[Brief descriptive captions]
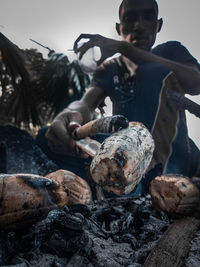 Man cooking food on firewood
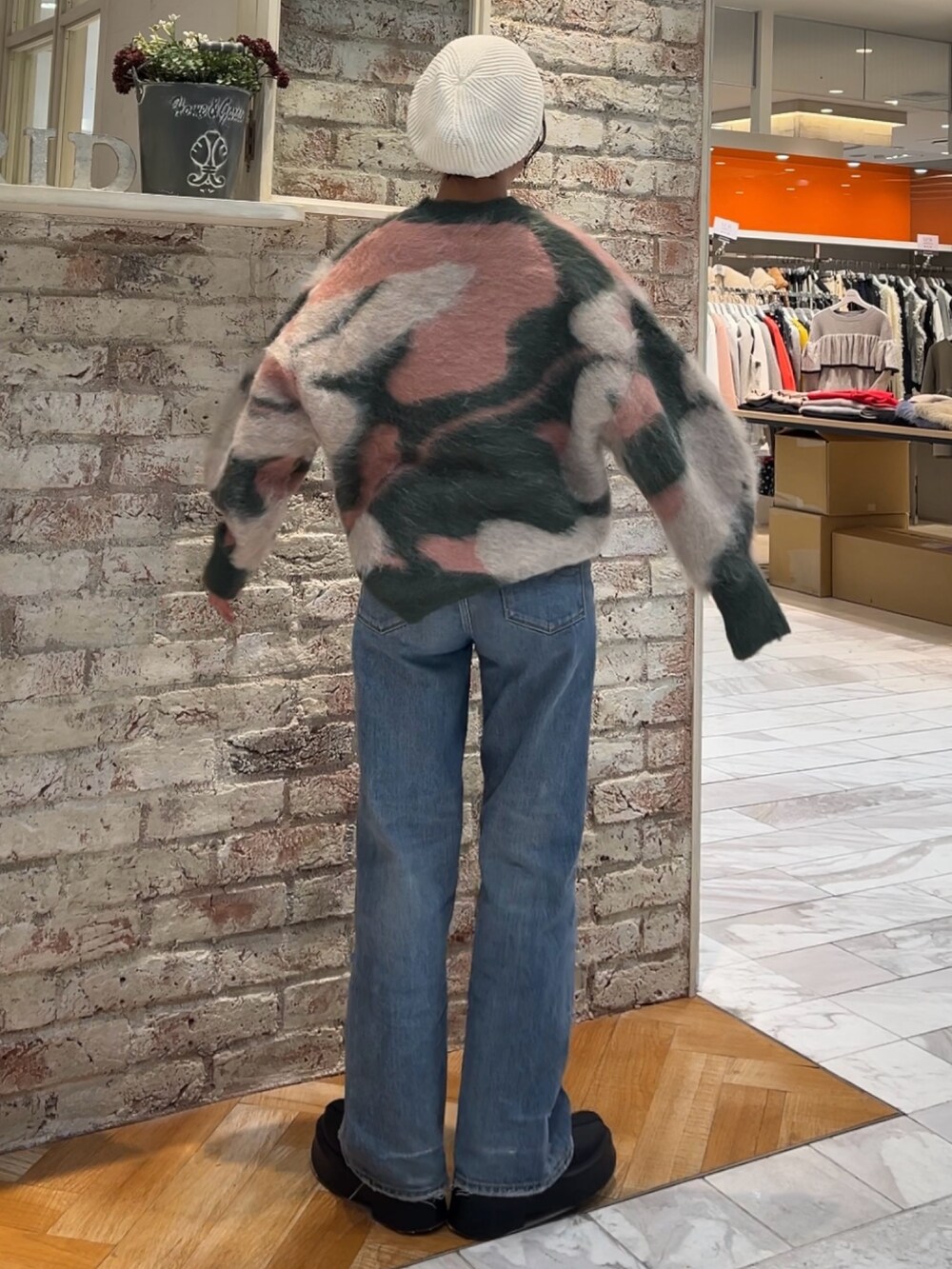 ブラック系のブーツ、グリーン系のニット/セーター、ブルー系のデニムパンツを着用したレディースの秋コーディネートの5枚目の写真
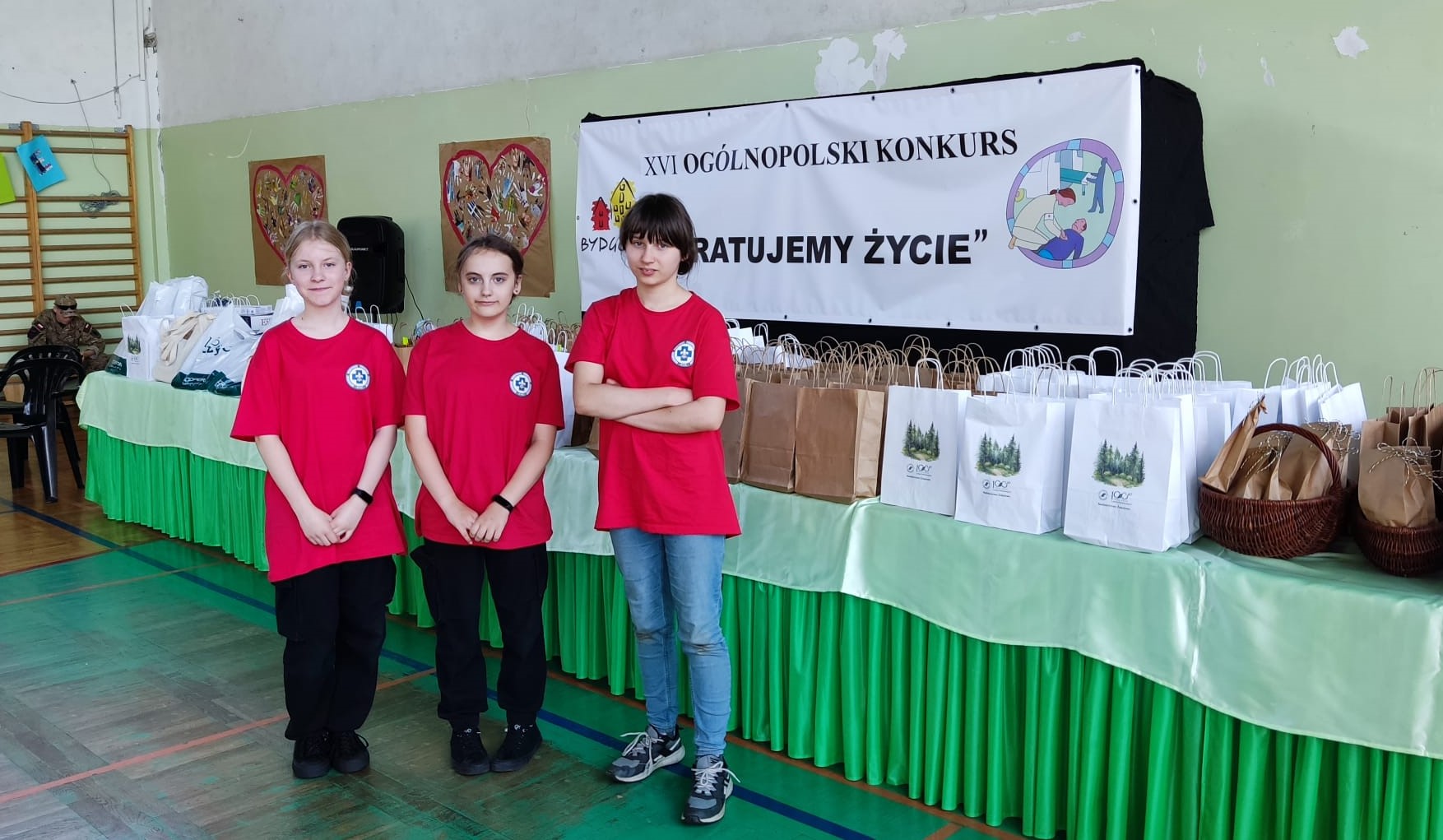 W sali gimnastycznej na tle plakatu XVI Ogólnopolskiego Konkursu „Ratujemy życie” i nagród ustawionych na zielonym stole stoją trzy uczennice SP 47 ubrane w czerwone koszulki. W tle na krześle siedzi uczeń szkoły mundurowej.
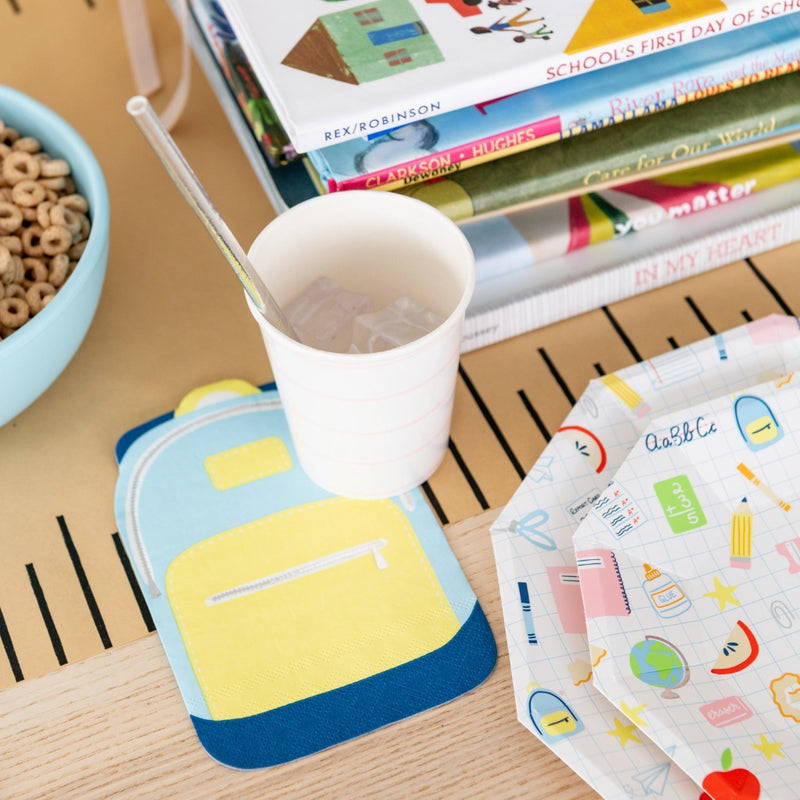 Lifestyle scene: backpack napkin coaster, notebook-lined cup, and a stack of Smarty Pants small plates ready for multi-age back to school breakfast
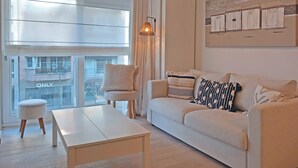 A modern living room with a sofa, a coffee table, and a chair. There is a large window with blinds, a lamp, and a wall-mounted artwork. - Coastal Family Escape in Knokke (Knokke-Heist)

» **Instructions to follow**: Transcribe exactly the span of lines that opens with the line holding "Lifestyle scene: backpack" and closes with the last line of the entries above. Omit pictures.

» **Answer to the problem**:
 Lifestyle scene: backpack napkin coaster, notebook-lined cup, and a stack of Smarty Pants small plates ready for multi-age back to school breakfast
 A modern living room with a sofa, a coffee table, and a chair. There is a large window with blinds, a lamp, and a wall-mounted artwork. - Coastal Family Escape in Knokke (Knokke-Heist)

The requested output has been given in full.